Characterization of matchable sets and subspaces via Dyson transforms

TL;DR

This paper explores the structure and existence of matchings in abelian groups and field extensions, utilizing Dyson transforms to establish characterization theorems and demonstrate their applications in additive combinatorics and linear algebra.

Contribution

It introduces a linear analogue of Dyson's e-transform and provides new characterization theorems for matchable sets and subspaces in both group and linear contexts.

Findings

Characterization theorems for matchable sets in abelian groups

Linear analogue of Dyson's e-transform for subspaces

Applications demonstrating the theorems' effectiveness

Abstract

A matching from a finite subset $A$ of an abelian group $G$ to another subset $B$ is a bijection $f : A \to B$ such that $af(a) \notin A$ for all $a \in A$. The study of matchings began in the 1990s and was motivated by a conjecture of E. K. Wakeford on canonical forms for homogeneous polynomials.
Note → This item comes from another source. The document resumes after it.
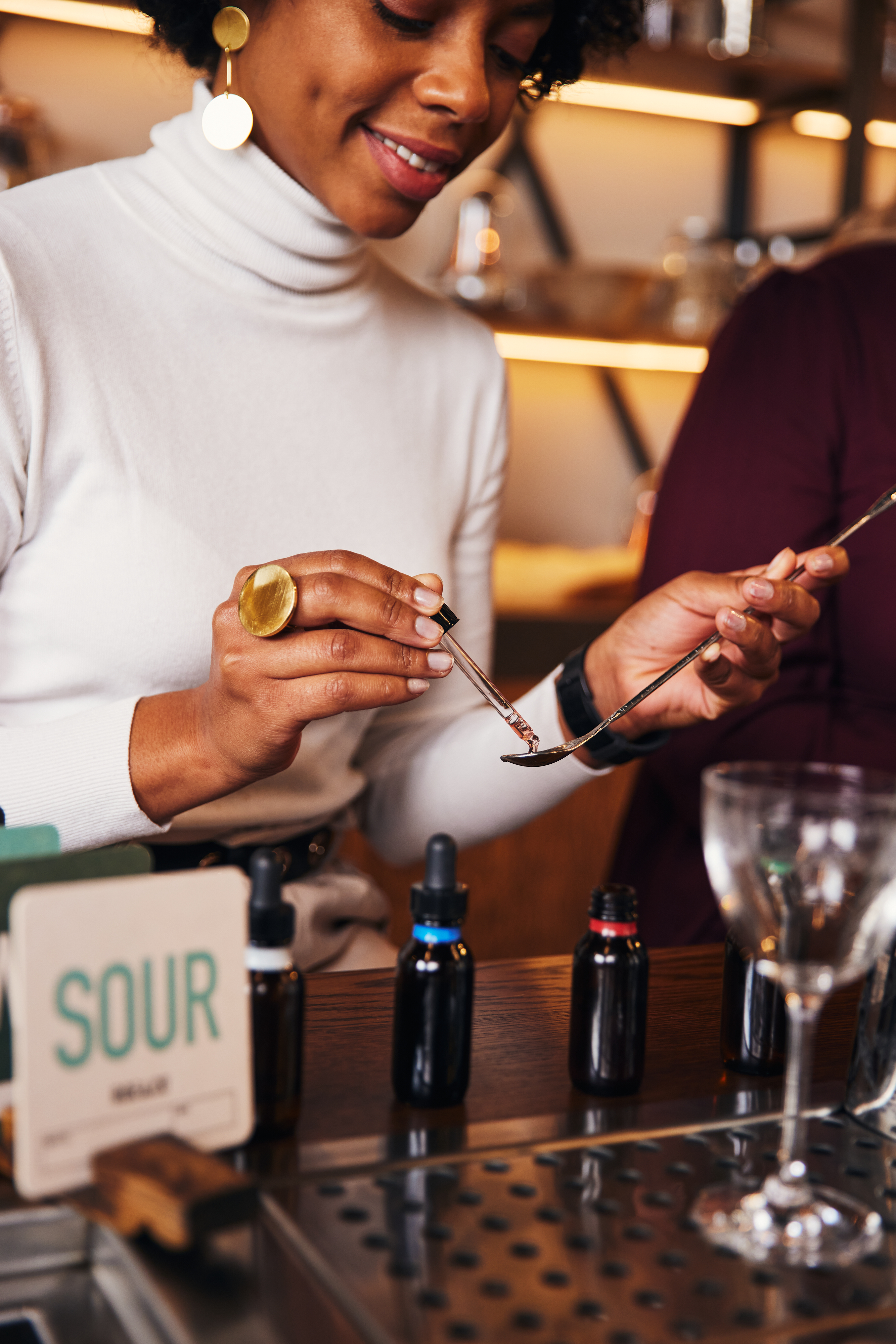 Lifestyle photography of the Roe & Co whiskey tasting and cocktail making experience in Dublin, Ireland. Captured by renowned lifestyle and advertising photographer Alex Sheridan, this photography showcases the sophistication and elegance of this exclusive experience. From the beautiful surroundings to the delicious cocktails, this photoshoot is a visual delight.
The theory was later extended to the linear setting of vector subspaces over field extensions, and then to matroids. In this paper, we investigate the existence and structure of matchings in both abelian groups and field extensions. Using Dyson's $e$-transform, a tool from additive combinatorics, along with a linear analogue which is introduced in this paper, we establish characterization theorems for matchable sets and subspaces. Several applications are given to demonstrate the effectiveness of these theorems as standalone tools. Throughout, we highlight the parallels between the group-theoretic and linear perspectives.